Warburton Police responded to a report of a headless deer carcass located on private property on Brett Road, Warburton between 10pm and midnight on Wednesday 26 June, where the offender had killed the deer within 30m of a person’s home and stayed long enough to remove the head before leaving.

Sgt Kelly said recently there have been at least three separate incidents that have occurred in the Warburton township with a few others in outlying areas in the Upper Yarra area.

“We would like to encourage reporting of these incidents to assist with targeting our patrol areas,” he said.

“These incidents invariably occur at night with poor visibility and the use of spotlights and/or thermal scopes are apparent, in the past we have had cases in the Yarra Ranges where a horse and goats have been shot and killed,”

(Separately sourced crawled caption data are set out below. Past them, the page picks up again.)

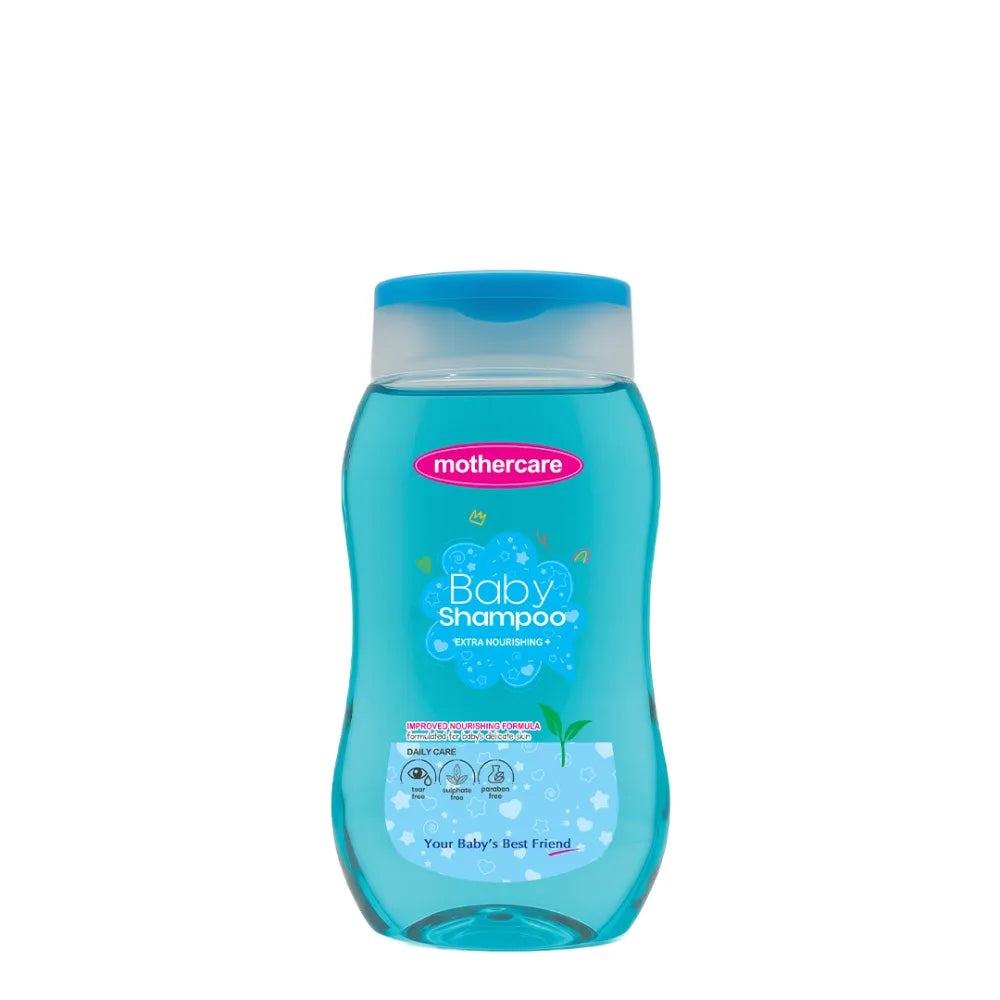 Mothercare Baby Shampoo - Blue (New)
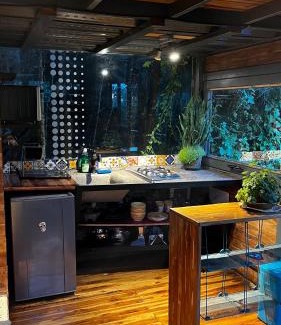 Medellin Cabin | Ancestral habitad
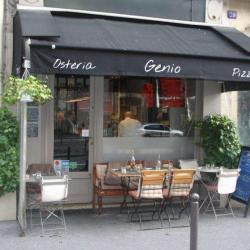 Genio Osteria & Pizza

“The proximity to dwellings is also a major concern considering the high powered firearms that are used to hunt deer, there is a very real possibility of a round passing through or ricocheting off the intended target and ending up inside someone’s house which has also occurred in the past.”

In 2023, police from the Yarra Junction and Warburton Police Stations partnered with the Victorian Game Management Authority (GMA) for Operation Thicket, with an increased police presence around hotspots in Don Valley and Powelltown among others, as well as making a push for residents to report more incidents.

GMA members and police were out in force, both in uniform and plain clothes and in marked vehicles or unmarked, targeting offenders.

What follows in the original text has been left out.